The investors realised that there was something amiss when the work of the solar farm, which was supposed to have begun a while back, had not started. On further investigation they realised that no work had started at all and there was no information about the location. Apart from this, the investors also realised that the ‘provisional sanction letter’ that they were shown saying that was issued by the Ministry of New and Renewable Energy was fake so also the ‘power purchase agreement’. Soon they also learnt that the accounts that they had sent money to were not real Government Departments but accounts with similar sounding names.

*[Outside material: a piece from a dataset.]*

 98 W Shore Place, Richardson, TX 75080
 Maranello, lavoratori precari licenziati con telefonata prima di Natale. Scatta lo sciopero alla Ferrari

In Mysuru, the conmen were operating through agents since the past one-and-a-half years. While one complainant has complained Rs. 2.5 crore as loss, sources say if other investors were considered, it is about Rs. 27 crore which has been collected between January and March 2020. Now some of the investors have approached the Police.

Petition received; we will probe, says DCP

Deputy Commissioner of Police (DCP) Geetha Prasanna told Star of Mysore this morning that a doctor in city has given a petition that states that he has been cheated of Rs. 2.50 crore by a solar company, assuring good returns in the Solar Power Plant under the Jawaharlal Nehru National Solar Mission. 

“Yesterday we have received the petition and we will begin investigating from today. We will summon both the parties to enquire the veracity of the petition. We will not register a case in the event of the parties reaching a compromise settlement. But if indeed the cheating has happened, we will book an FIR,”  Geetha Prasanna said.

“The jurisdiction of the case is Alanahalli and the cheques and DDs have been issued from various banks in Nazarbad limits and even Bengaluru. We will have to take these factors into consideration while booking a case,” she said.